History, politics, people of Oly WA

Category: steelhead

HB 2554 and the Long Shadow of Initiative 456

A relic of institutionalized racism has lived in a corner of Washington State law for over 40 years. As House Bill 2554 moves through the 2026 legislative session, that language is finally on the verge of being wiped clean.

The bill seeks to remove the statutory leftovers of Initiative 456. It was a ballot measure passed in 1984 during a time of intense anger toward tribal sovereignty. Similar repeal efforts made very little headway in 2010 and 2021, but the persistent work of Representative Debra Lekanoff has finally pushed the bill onto the governor’s desk. I wrote about this history five years ago, but I want to revisit it again.

It did receive a strange amount of opposition in the House.
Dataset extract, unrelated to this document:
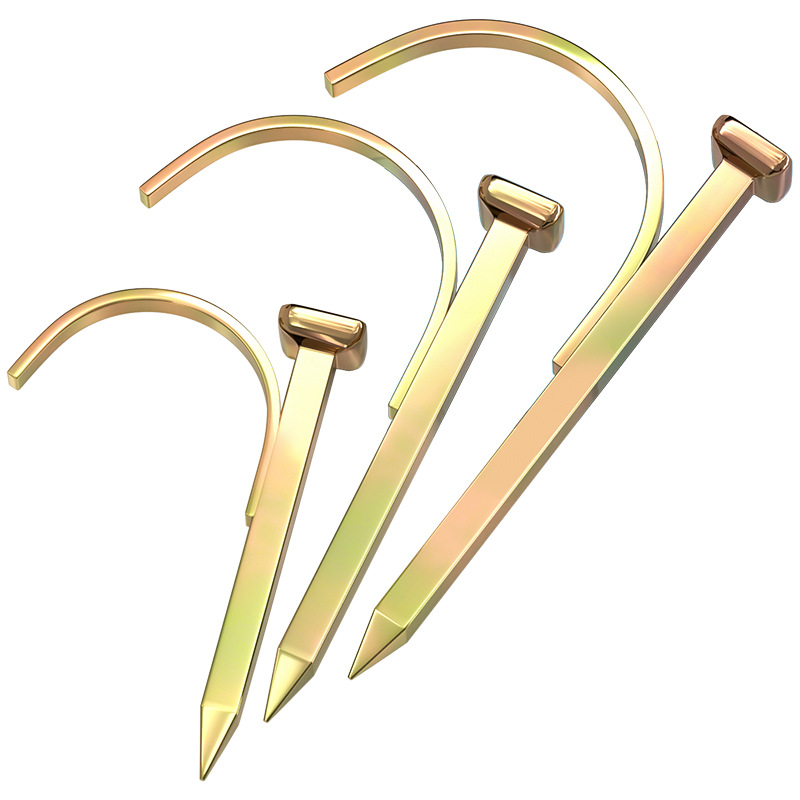 Water pipe hook nail fixed pipe nail PVC pipe PPR pipe nail cement steel nail into the wall hook nail iron pipe U-shaped pipe code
Most of that dissent focused on the technicality of repealing a voter-approved initiative rather than a defense of the words themselves.

To understand why this repeal matters, we have to look back at the concerted efforts to dismantle tribal treaty rights that followed the Boldt Decision.

The roots of Initiative 456 go back to the immediate aftermath of 1974’s U.S. v. Washington (the Boldt Decision). When the Supreme Court finally upheld Judge Boldt’s ruling in 1979, it did so against a backdrop of defiance. It is important to remember that the Supreme Court did not just uphold the Boldt Decision itself. It ruled on a group of cases that were actively trying to overturn it. These cases started in local courts and wound their way through the State Supreme Court and finally into federal courts. They were an effort by private actors (like fishing charter owners) to force the state of Washington to stop recognizing the sovereignty of treaty tribes in salmon management.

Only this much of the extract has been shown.